Set down the full listing exactly as given. Any pictures are to be left out.
*** Opening of Given information ***
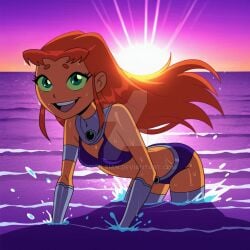 2025 archelaian bikini cartoon_network dc_comics dc_super_hero_girls meta purple_bikini starfire starfire_(teen_titans) sunbathing wet wet_body wetting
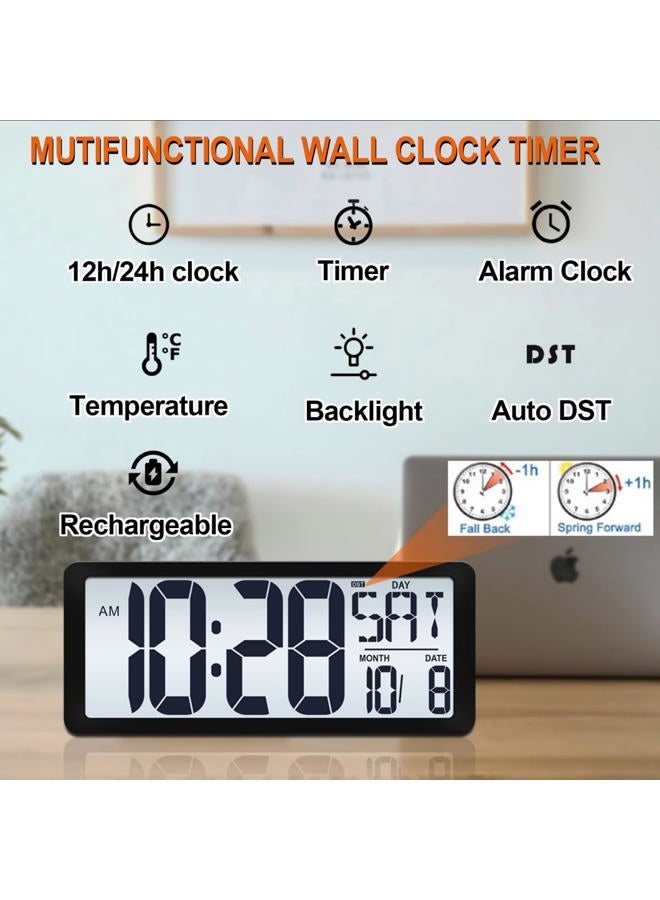 QINYUNE 14.5'' Rechargable Large Digital LCD Wall Clock with Backlight Glow in the Dark,Night Light Wall Clock with Week,Date & Temperature,DST,Alarm Display for Living Room, Bedroom, Gift for Elderly - Image 2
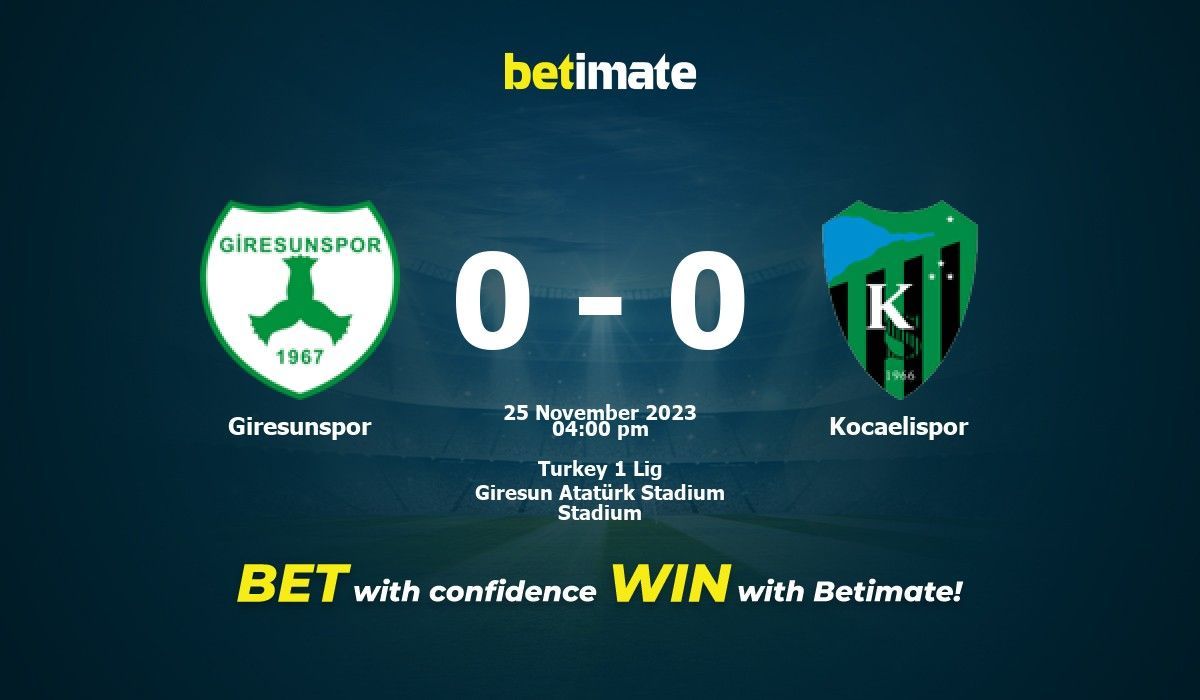 Giresunspor vs Göztepe H2H stats - SoccerPunter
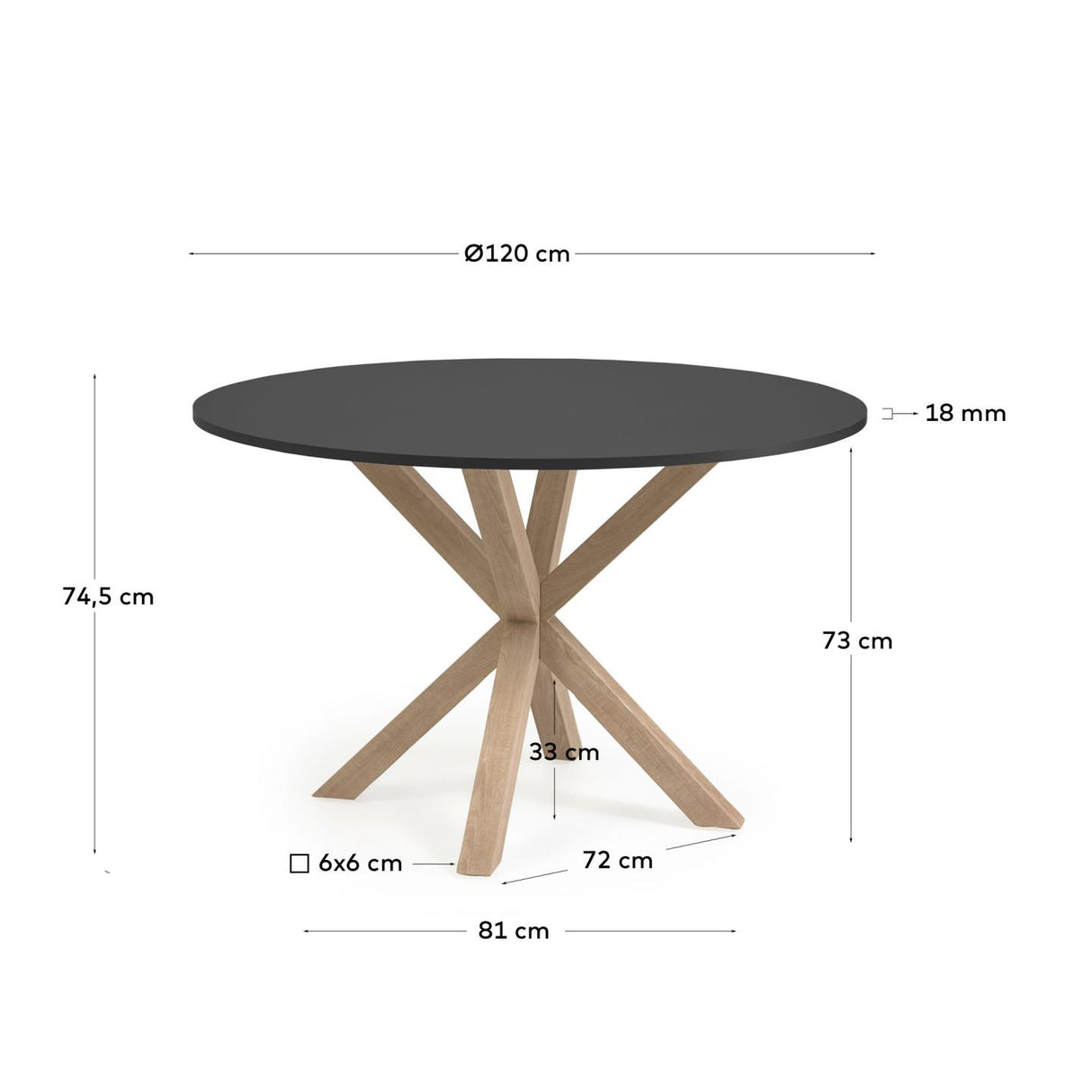 Argo runder Tisch mit schwarzer MDF-Platte und Stahlbeinen mit Holzeffekt Ø 119 cm - ZEN ZONE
*** Close of Given information ***
## [Answer below]
 2025 archelaian bikini cartoon_network dc_comics dc_super_hero_girls meta purple_bikini starfire starfire_(teen_titans) sunbathing wet wet_body wetting
 QINYUNE 14.5'' Rechargable Large Digital LCD Wall Clock with Backlight Glow in the Dark,Night Light Wall Clock with Week,Date & Temperature,DST,Alarm Display for Living Room, Bedroom, Gift for Elderly - Image 2
 Giresunspor vs Göztepe H2H stats - SoccerPunter
 Argo runder Tisch mit schwarzer MDF-Platte und Stahlbeinen mit Holzeffekt Ø 119 cm - ZEN ZONE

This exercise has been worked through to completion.